By the end of the recording sessions in December 2008, two versions of the track existed; the first was a slower, more atmospheric composition, while the second was faster and less layered. The former was chosen for the album while the latter was renamed "No Line on the Horizon 2" and released as a bonus track on the Japanese, Australian, and iTunes versions of the album, as well as a B-side to the "Get on Your Boots" single. Along with "Fez – Being Born" and "Get on Your Boots", "No Line on the Horizon" was one of three candidates to open the album. The band eventually decided that "No Line on the Horizon" was the best selection.

==Composition==
Q described "No Line on the Horizon" as an "Unforgettable Fire-esque slow burner that builds to a euphoric coda", and "No Line on the Horizon 2" as "a punk-y Pixies/Buzzcocks homage that proceeds at a breathless pace." Rolling Stone called the song a "combination of garage-organ drone, fat guitar distortion and Mullen's parade-ground drumming". Spin felt that Bono's "whoa-oh's" gave the song a gritty feel.

==Live performances==
"No Line on the Horizon" was first played live during the No Line on the Horizon promotional tour at a filming for the BBC's The Culture Show. It was performed at almost every concert during the first two legs of the U2 360° Tour, with a new acoustic arrangement being played once during the tour's third leg. The song has not been played since 2010, but it was rehearsed before the Innocence + Experience Tour in an acoustic arrangement which was not performed on tour.

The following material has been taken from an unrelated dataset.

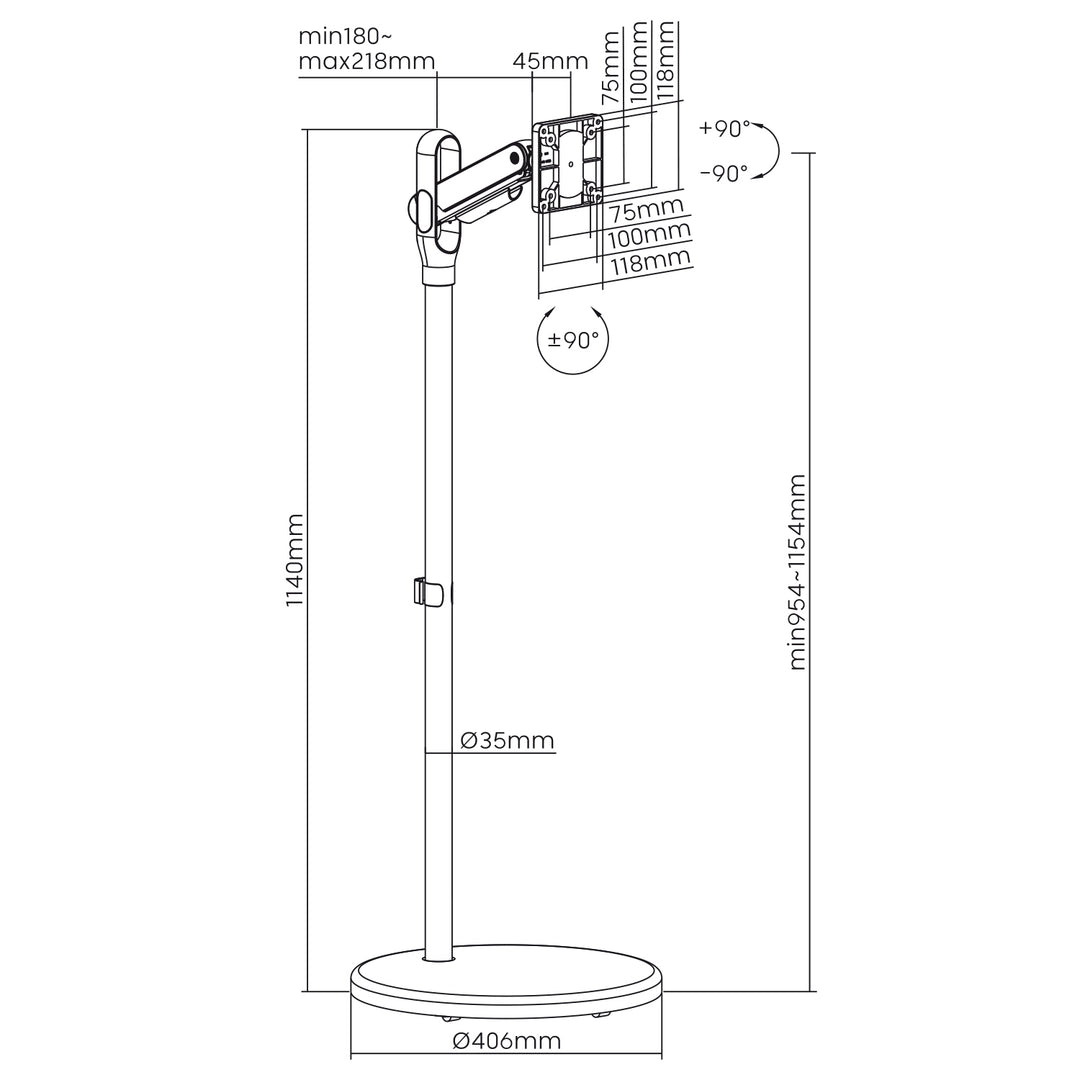 Maclean verrijdbare standaard voor monitor/TV, gasveer, 17"-35", 2-10kg, zwart, MC-970B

==Appearances in other media==
"No Line on the Horizon" appears as the fifth track in the Anton Corbijn film Linear, based on a story by Corbijn and Bono in which a Parisian traffic cop travels across France and the Mediterranean Sea to visit his girlfriend in Tripoli. During the sequence, the cop, played by Saïd Taghmaoui, continues on his journey through the Spanish countryside until pulling into a small town for lunch where the next track, "Fez - Being Born", begins.

==Reception==
Reception to "No Line on the Horizon" was mostly positive. Allmusic praised the track, saying that "U2 strike that unmistakable blend of soaring, widescreen sonics and unflinching openhearted emotion that's been their trademark, turning the intimate into something hauntingly universal," also noting that it "resonate[s] deeper and longer than anything on Atomic Bomb". NME likened the song to "Vertigo" while saying "thanks to the Edge pressing the button marked 'freight train' rather than 'annoying echo' on his guitar, ["No Line on the Horizon"] throbs with a refound passion and remains peppered with new sounds and textures." Uncut enjoyed the song, saying it "crashes in like a wave over the bows, washes of keyboards retreating to reveal a growling guitar riff retreaded from "The Fly", and one of U2's most memorably anthemic choruses." Mojo, while commenting that the track echoed the band's 1991 song "Zoo Station", felt that Bono dragged the song down, commenting that he "strain[s] for dramatic tension, lapses horribly into Chris Martinese, both in his mannered vocal inflection and screeds of lyrical twaddle." Pitchfork Media was not impressed with the song, saying that its "hard-nosed verse is torpedoed by its deflating fart of a hook." Time rated it the third best song of 2009.

==Personnel==
- Bono – vocals, guitar
- The Edge – guitar, backing vocals
- Adam Clayton – bass guitar
- Larry Mullen Jr. – drums, percussion

==Charts==

| Chart (2009) | Peak position |
|---|---|
| Belgium (Ultratop 50 Wallonia) | 38 |

==Certifications==

| Region | Certification | Certified units/sales |
| Brazil (Pro-Música Brasil) | Platinum | 60,000^{*} |
^{*} Sales figures based on certification alone.